Example scenario with failover, splits are restarted before loading the
tenant data:
BM - BlobManager
epoch 3: epoch 4:
BM record intent to split.
Epoch fails.
BM recovery begins.
BM fails to persist split.
BM recovery finishes.
BM.checkBlobWorkerList()
maybeSplitRange().
BM.monitorClientRanges().
loads tenant data.
bin/fdbserver -r simulation -f tests/slow/BlobGranuleCorrectness.toml \
-s 223570924 -b on --crash --trace_format json
* blob: add tuple key truncation for blob granule alignment
FDB has a backup system available using the blob manager and blob
granule subsystem. If we want to audit the data in the blobs, it's a lot
easier if we can align them to something meaningful.
When a blob granule is being split, we ask the storage metrics system
for split points as it holds approximate data distribution metrics.
These keys are then processed to determine if they are a tuple and
should be truncated according to the new knob,
BG_KEY_TUPLE_TRUNCATE_OFFSET.
Here we keep all aligned keys together in the same granule even if it is
larger than the allowed granule size. The following commit will address
this by adding merge boundaries.
* blob: minor clean ups in merging code
1. Rename mergeNow -> seen. This is more inline with clocksweep naming
and removes the confusion between mergeNow and canMergeNow.
2. Make clearMergeCandidate() reset to MergeCandidateCannotMerge to make
a clear distinction what we're accomplishing.
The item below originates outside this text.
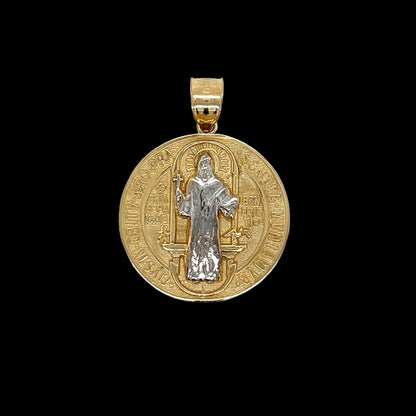 14K Gold San Benito Round Pendant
3. Rename canMergeNow() -> mergeEligble().
* blob: add explicit (hard) boundaries
Blob ranges can be specified either through explicit ranges or at the
tenant level. Right now this is managed implicitly. This commit aims to
make it a little more explicit.
Blobification begins in monitorClientRanges() which parses either the
explicit blob ranges or the tenant map. As we do this and add new
ranges, let's explicitly track what is a hard boundary and what isn't.
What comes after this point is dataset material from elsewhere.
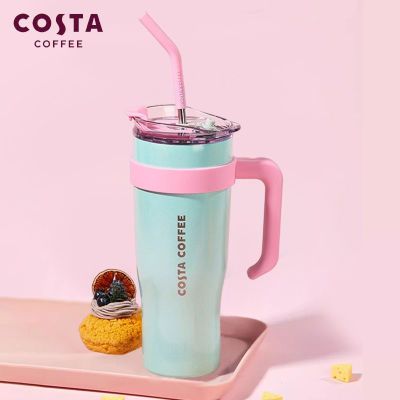 Costa巨型保温杯大容量食品级不锈钢健身户外吸管杯子薄荷莓果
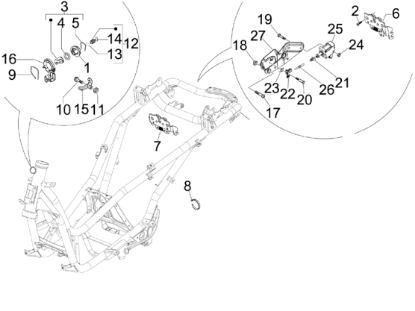 Εικόνα της ΒΑΣΗ ΚΛΕΙΔ ΟΝ-OFF SCOOTER 100<>150 4T 3-1B002609R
When blob merging occurs, we respect this boundary. When a hard boundary
is encountered, we submit the found eligible ranges and start looking
for a new range beginning with this hard boundary.
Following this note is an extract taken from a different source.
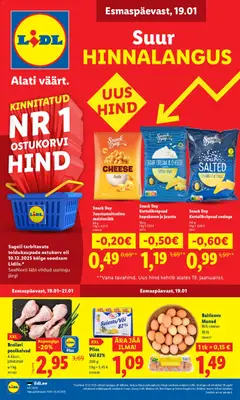 Lidl kliendilehe eelvaade alates 2026.01.19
* blob: create BlobGranuleSplitPoints struct
This is a setup for the following commit. Our goal here is to provide a
structure for split points to be passed around. The need is for us to be
able to carry uncommitted state until it is committed and we can apply
these mutations to the in-memory data structures.
* blob: implement soft boundaries
An earlier commit establishes the need to create data boundaries within
a tenant. The reality is we may encounter a set of keys that degnerate
to the same key prefix. We'll need to be able to split those across
granules, but we want to ensure we merge the split granules together
before merging with other granules.
This adds to the BlobGranuleSplitPoints state of new
BlobGranuleMergeBoundary items. BlobGranuleMergeBoundary contains state
saying if it is a left or right boundary. This information is used to,
like hard boundaries, force merging of like granules first.
We read the BlobGranuleMergeBoundary map into memory at recovery.